上观新闻:那个时候最大的办学难点是什么?
章开沅:上世纪80年代初,主要是要恢复正常的教学秩序,建立正常的教学计划。在这个基础上,再推行一系列的改革。当时最出名的是武汉大学校长刘道玉,他最年轻,也最投入,推行了学分制、转系等一系列改革举措,影响非常大。
上观新闻:那时候教育改革的基础虽然“一穷二白”,但改革的热情很高、动作很大,动静也很大。
章开沅:当时的改革动静大,我认为有几个原因。一是那个年代,大家普遍对利益问题看得不重,比如那时候我们写三卷本的《辛亥革命史》,后来都成为学术名著了,但起初没有稿费,连启动经费都没有,可大家都觉得很正常,不去计较。二是高校官僚化、行政化之风不重。另外,大家都有强烈的改革意愿。教育改革不但没有什么利益可图,还有很多风险,但大家都有改革的动力。我答应当这个校长的时候就想:做错了,大不了再挨批斗呗。
上任的时候,只对师生们说了一句话:“我宁可站着倒下去,也不躺着混下去”
上观新闻:您这位校长当得与众不同。一个广为流传的故事是,一次会议,因某位领导未能准时到会而推迟了,您站起来说,“如果再过几分钟他还不到,我就要回去工作了”。
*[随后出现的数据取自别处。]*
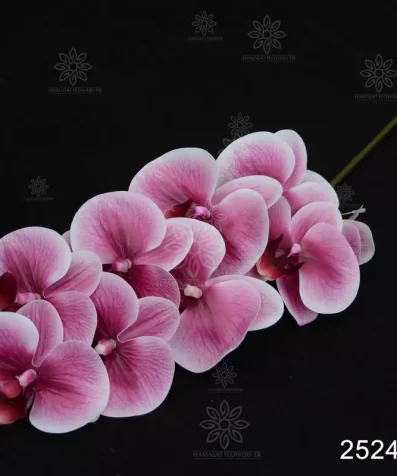 a single orchid. online shop for artificial flowers wholesale. we supply artificial flowers for flower shops events planners and decorations. ورد صناعي بالجملة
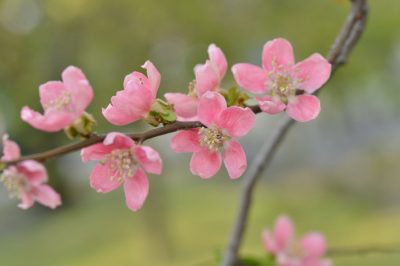 Essiccare l'artemisia e poi?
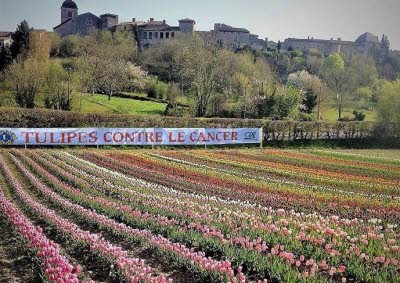 Cueillette de tulipes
章开沅:当时等级观念不重,对我的一些不太恰当的举动,领导们还很包容。比如我一般不参加教育部门召开的行政方面的会议,只参加国务院学术评议组的会,行政的会我就请其他校领导去参加。但上级没有因此对我表示任何不满,我现在回想起来,非常感谢他们。开会的时候,遇到一些部领导,他们都很亲切,住和我们一样标准的房间,很多事情都是用商量的口吻来探讨。
现在有的学校动不动就立军令状,说一定要在几年内建成一流大学,然后照葫芦画瓢,跟在一流大学后面。那时候不是这样的。我上任的时候,没立什么宏大目标,只对师生们说了一句话:“我宁可站着倒下去,也不躺着混下去。”没想到这句大实话让大家很感动,好多人对我讲,有了这句话,他们就有了信心。
上观新闻:由一名学者到一校之长,您是从何入手的呢?
章开沅:我一学蔡元培,二学陶行知。这不是偶然的决定,我很早就崇拜他们。我们这代人都是吃“五四”文化的乳汁长大的,蔡元培先生提的很多主张,比如学术自由,我很赞赏。当了校长以后,更是以他为榜样。把美育列为必修课,我认为是很必要的。所以我们当时率先办了艺术节,开设了音乐系、美术系,原来这些都是被取消了的。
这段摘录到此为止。